Here, I think the important answer is that it can, and should, vary. Although it might make practical sense sometimes, 6 rounds of 10 questions ad infinitum is rather a shame. Think in terms of time rather than number of questions – I don’t think a round should be much less than 15 minutes and I don’t think even the meatiest of rounds should be much longer than 25 minutes. In this range, this will give you 10-15 questions, but there might be quite a few multi-part questions with lots of different points available.

It’s very much part of our modus operandi to keep players on their toes – so you know roughly what’s coming, but not exactly – mixing up the the pace of the rounds and the number of questions and points per round is one technique that we use to achieve that.

Lots more to come, but for now, what’s the longest/shortest quiz you’ve ever been to? What is the ideal length and structure of a pub quiz?

 

Go on then, tell us a joke

I’ve heard professional comedians complain that as soon as they reveal to someone that they are a stand-up, they are asked to tell jokes. I’m no expert but I am a big fan, and I know enough about stand-up comedy to know that many of the best stand-ups don’t tell jokes. And even if they do tell a joke, a single joke in isolation doesn’t have impact – you can tell a joke and rarely will people literally LOL. They’ll nod and say “Oh yes, that’s a good one.” Or worse, they might not get it, and then you have to explain and suddenly you are a bit of a rubbish stand-up comedian in their eyes.

There is an equivalent situation, frequently suffered by me and my fellow professional quiz masters. Everyone loves a pub quiz  – or so they say when they find out what I do for a living.

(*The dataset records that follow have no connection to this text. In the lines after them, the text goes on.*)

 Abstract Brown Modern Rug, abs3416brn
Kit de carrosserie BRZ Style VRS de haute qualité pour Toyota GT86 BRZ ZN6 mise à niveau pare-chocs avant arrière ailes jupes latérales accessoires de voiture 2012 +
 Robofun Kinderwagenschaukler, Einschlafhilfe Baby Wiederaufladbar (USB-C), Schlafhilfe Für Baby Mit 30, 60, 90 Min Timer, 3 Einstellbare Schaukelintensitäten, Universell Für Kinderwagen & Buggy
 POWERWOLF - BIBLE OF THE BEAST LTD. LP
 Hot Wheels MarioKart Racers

What they also say when they find this out is “Go on then, ask me a quiz question.” So I do, and either:

(1) they get it quickly because I chose an easy one (or more likely something I think they will know based on what I know about the person), or

(2) they don’t get it quickly because I chose a puzzley-thinky type ingenious question (like “In the UK, what is the longest month of the year?” (*answer at the bottom) to show off the finer nuances of quiz question crafting – although such questions are usually designed to be answered by a team bouncing ideas around to try and reach the correct answer.

What happens next? In scenario (1) they say “More! Ask me another” and do the festivities continue. In scenario (2) they think about it, try to work it through and either get there (with or without a bit of prompting and guidance) and appreciate the elegance of it or they refuse to be helped and we sit there with an unanswered question simmering in the background making it impossible to continue any kind of meaningful discourse.

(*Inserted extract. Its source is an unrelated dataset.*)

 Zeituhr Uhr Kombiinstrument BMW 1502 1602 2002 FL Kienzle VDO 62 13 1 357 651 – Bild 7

This may sound like a bit of a complaint – but actually it isn’t. It is often more fun a “conversation” than many other options. I think people may just be jealous that I can have such a fun job. Much like with stand-up comedians…but the advantage we have is that quiz questions usually can work in isolation in the way that jokes don’t always work (unless perhaps you are someone like Jimmy Carr or Tim Vine – who incidentally was an excellent celebrity quiz master at an event with us last year).